BEGIN
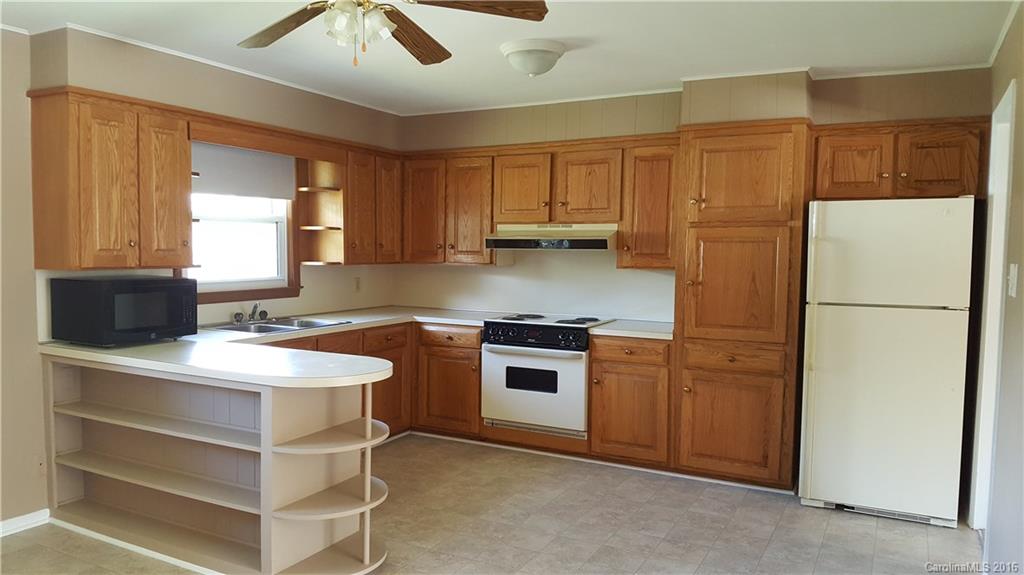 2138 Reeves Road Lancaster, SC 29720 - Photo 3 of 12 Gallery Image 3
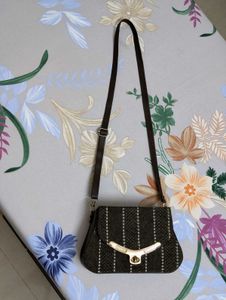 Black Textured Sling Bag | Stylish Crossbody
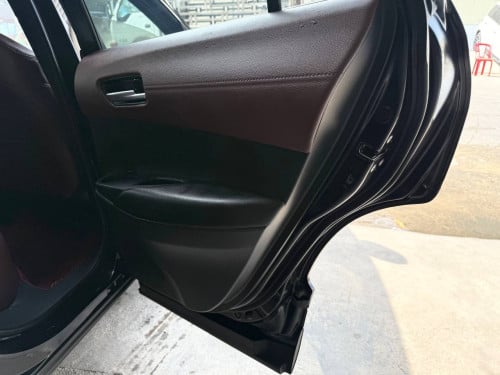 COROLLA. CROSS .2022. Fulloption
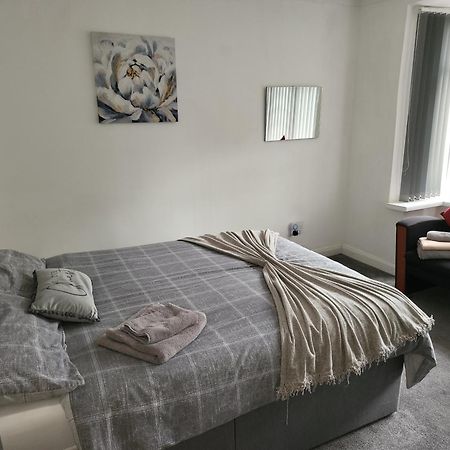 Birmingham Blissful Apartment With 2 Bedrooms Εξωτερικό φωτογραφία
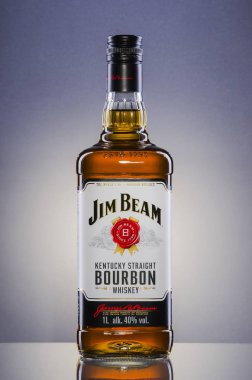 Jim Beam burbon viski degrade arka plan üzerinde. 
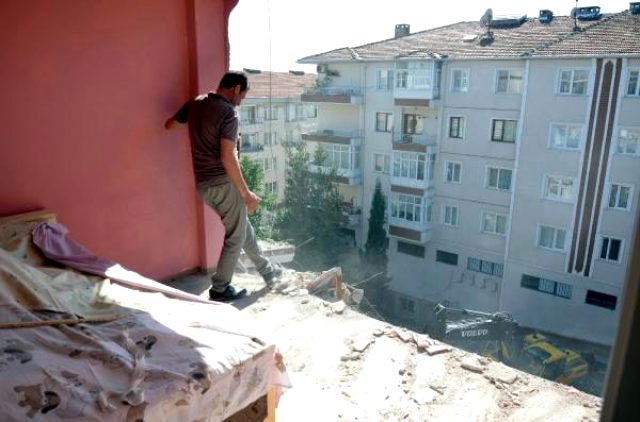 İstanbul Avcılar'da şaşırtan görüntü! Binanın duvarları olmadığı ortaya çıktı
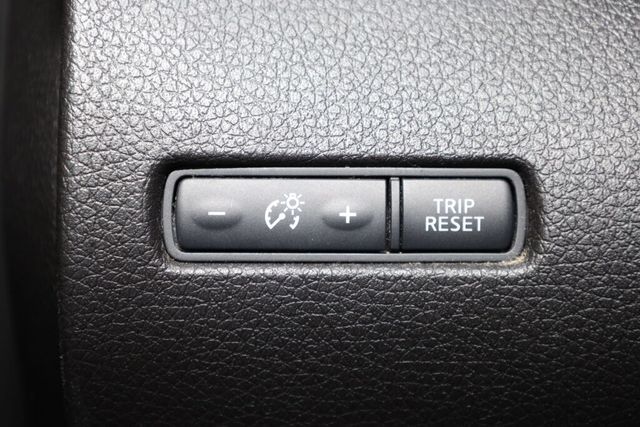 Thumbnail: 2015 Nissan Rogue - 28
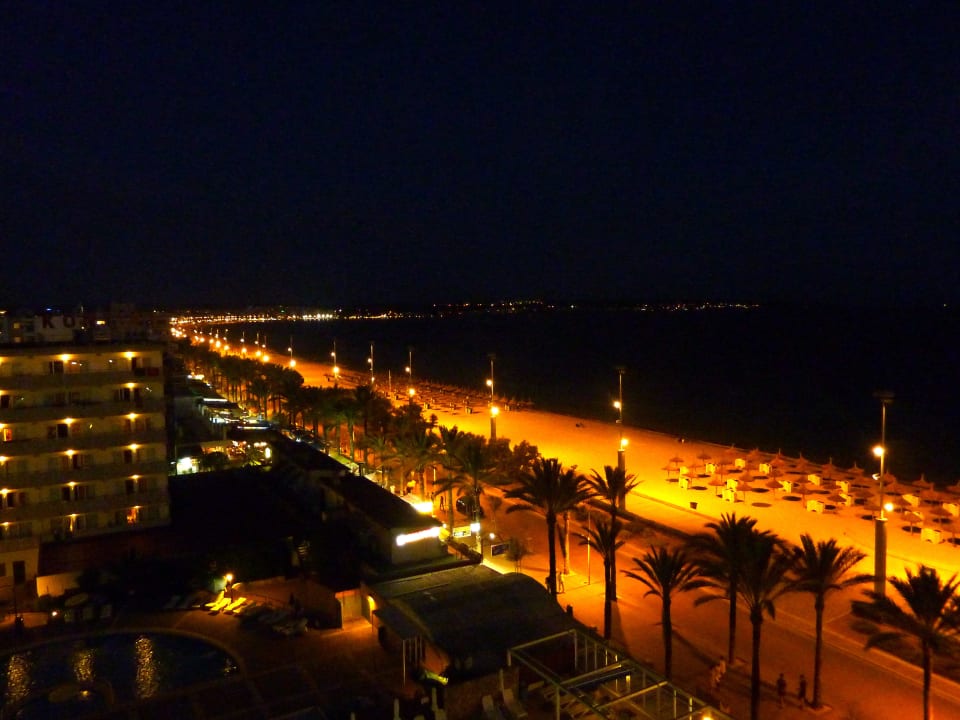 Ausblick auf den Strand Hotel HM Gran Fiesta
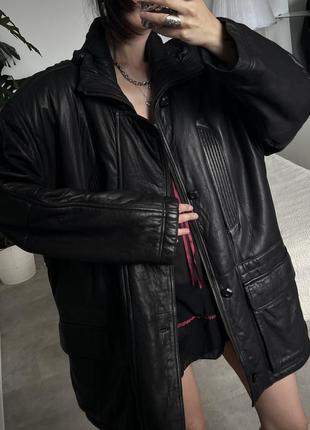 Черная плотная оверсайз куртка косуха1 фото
END
BEGIN
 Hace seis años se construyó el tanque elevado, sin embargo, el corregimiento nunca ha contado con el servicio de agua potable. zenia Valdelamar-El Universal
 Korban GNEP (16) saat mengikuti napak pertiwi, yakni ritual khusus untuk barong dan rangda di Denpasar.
END
BEGIN
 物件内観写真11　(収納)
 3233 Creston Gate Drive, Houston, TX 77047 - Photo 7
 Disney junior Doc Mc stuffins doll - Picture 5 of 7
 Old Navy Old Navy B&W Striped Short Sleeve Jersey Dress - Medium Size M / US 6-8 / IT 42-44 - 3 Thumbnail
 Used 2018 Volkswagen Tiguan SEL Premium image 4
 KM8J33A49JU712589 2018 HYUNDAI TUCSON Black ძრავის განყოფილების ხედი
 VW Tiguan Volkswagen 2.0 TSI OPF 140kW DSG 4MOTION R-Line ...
END
▶ _YOUR INSTRUCTIONS_
Gather each line in these records that contains the string "Volkswagen".

▶ _EXERCISE RESPONSE_
 Used 2018 Volkswagen Tiguan SEL Premium image 4
 VW Tiguan Volkswagen 2.0 TSI OPF 140kW DSG 4MOTION R-Line ...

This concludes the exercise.